Type de bâti Période Support dominant Parquet recommandé Norme clé
Haussmannien 1853–1927 Solives bois, lambourdes Massif chêne 22 mm, point de Hongrie NF DTU 51.1
Art déco / années 30 1920–1940 Mixte bois/béton Massif ou contrecollé lame large NF DTU 51.1 / 51.2
Années 60–80 1960–1990 Dalle béton Contrecollé collé ou flottant NF DTU 51.2 (mars 2023)
BBC/neuf Grand Paris 2000–présent Dalle + plancher chauffant Contrecollé parement ≤ 4 mm certifié NF DTU 65.14 P1
Loft industriel Toutes périodes Dalle béton brut Pavés de Paris bois de bout ou XXL NF DTU 51.2

DPE, ZFE, copropriété : la réglementation parisienne que tout propriétaire doit connaître

La réglementation sur les passoires thermiques accélère les projets de rénovation dans les arrondissements parisiens les plus anciens. Les biens classés G sont interdits à la location depuis janvier 2025. Les F le seront dès 2028. Dans ces contextes de rénovation imposée, le choix du parquet doit être anticipé en lien avec le système de chauffage retenu. Un plancher chauffant hydraulique — solution fréquente pour améliorer le DPE — impose une résistance thermique Rλ ≤ 0,15 m²·K/W. Cette contrainte exclut les massifs épais (> 18 mm) et oriente vers des contrecollés adaptés. Floorz précise ce paramètre sur chaque référence.

Paris est entièrement couverte par la Zone à Faibles Émissions (ZFE). Les livraisons de parquet — palettes lourdes — nécessitent des véhicules conformes Crit’Air selon les créneaux horaires. Nos transporteurs partenaires sont sélectionnés pour leur conformité ZFE. Pour les chantiers dans des immeubles haussmanniens — escaliers étroits, pas d’ascenseur, rue sens unique — la logistique de livraison est anticipée à la commande sans frais cachés. La copropriété peut également exiger une déclaration préalable en assemblée générale lorsque la pose s’accompagne d’une modification du réglet de porte ou d’une sous-couche acoustique.

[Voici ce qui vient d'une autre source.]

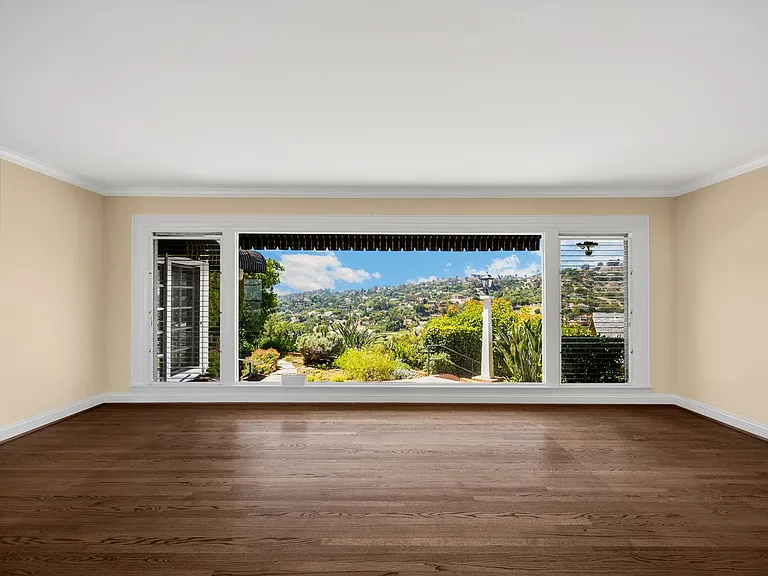 1071 E Avocado Crest Rd — Photo 3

Questions fréquentes — parquet, architecture et immobilier parisien

Le parquet d’origine augmente-t-il vraiment la valeur d’un appartement parisien ?

Oui — le trio PMC (Parquet, Moulures, Cheminée) est cité par les professionnels de l’immobilier comme un argument de valorisation direct. Un appartement haussmannien avec ses éléments d’origine intacts se vend nettement plus cher qu’un bien dénaturé. Remplacer le point de Hongrie par du béton ciré, c’est détruire irrémédiablement ce capital.

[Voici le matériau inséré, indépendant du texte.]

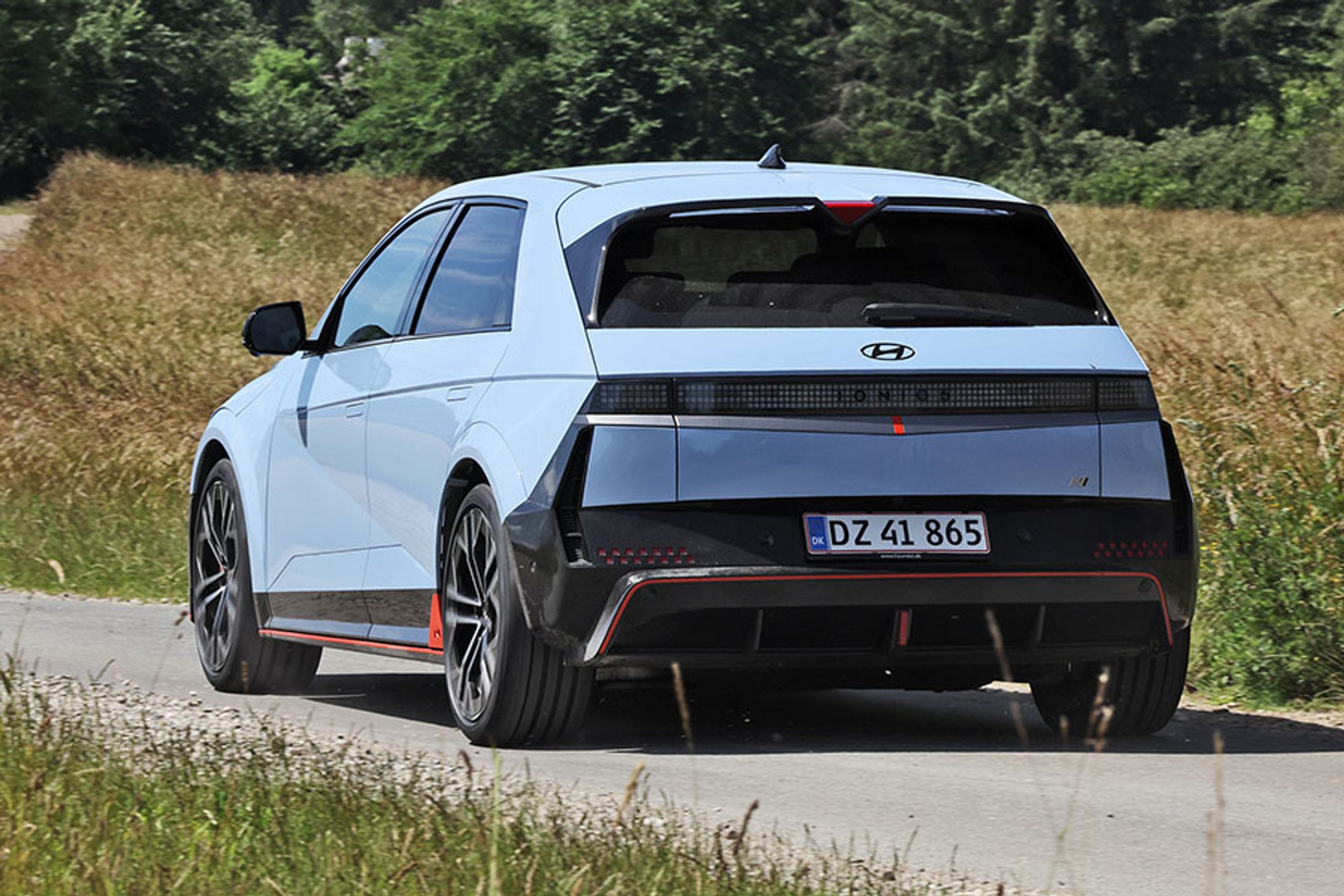 Hyundai Ioniq 5 N set bagfra, mens den kører på vej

Peut-on intégrer le coût du parquet dans la plus-value immobilière ?

Oui — sous conditions de justificatifs, les travaux de remplacement ou de pose de parquet sont intégrables dans le prix de revient du bien (CGI art. 150 VB), réduisant la plus-value imposable à la cession. Votre notaire vous confirmera les modalités selon votre situation.

Faut-il l’accord de la copropriété pour poser un parquet à Paris ?

Pas systématiquement — mais le règlement de copropriété impose souvent une isolation phonique aux impacts (≥ 18 dB). Certains règlements exigent une déclaration préalable. Nos conseillers vérifient ces exigences avant commande et orientent vers la sous-couche conforme NF DTU 51.11.

Quelle largeur de lame pour un appartement haussmannien ?

Pour le point de Hongrie, 70 à 90 mm est la proportion historique. Au-delà de 120 mm, les chevrons peuvent paraître lourds. Pour les poses droites dans les enfilades, 140 à 180 mm restituent les proportions d’époque. Floorz dispose de formats > 180 mm non standard.

Le parquet est-il compatible avec un plancher chauffant dans une rénovation DPE ?

Oui — avec un contrecollé à parement ≤ 4 mm en essence stable (teck, bangkiraï) et Rλ ≤ 0,15 m²·K/W selon NF DTU 65.14 P1. La chape anhydrite doit être sèche à ≤ 0,5 % avant pose — valeur souvent ignorée et source de sinistres.

Floorz livre-t-il sur chantier à Paris, y compris dans les contraintes ZFE ?

Oui — transporteurs conformes ZFE, livraison palette hayon sur RDV, prise en compte des contraintes d’accès (code, monte-charge, rue sens unique) anticipées à la commande. Bureau au 17e pour les rendez-vous de coordination chantier.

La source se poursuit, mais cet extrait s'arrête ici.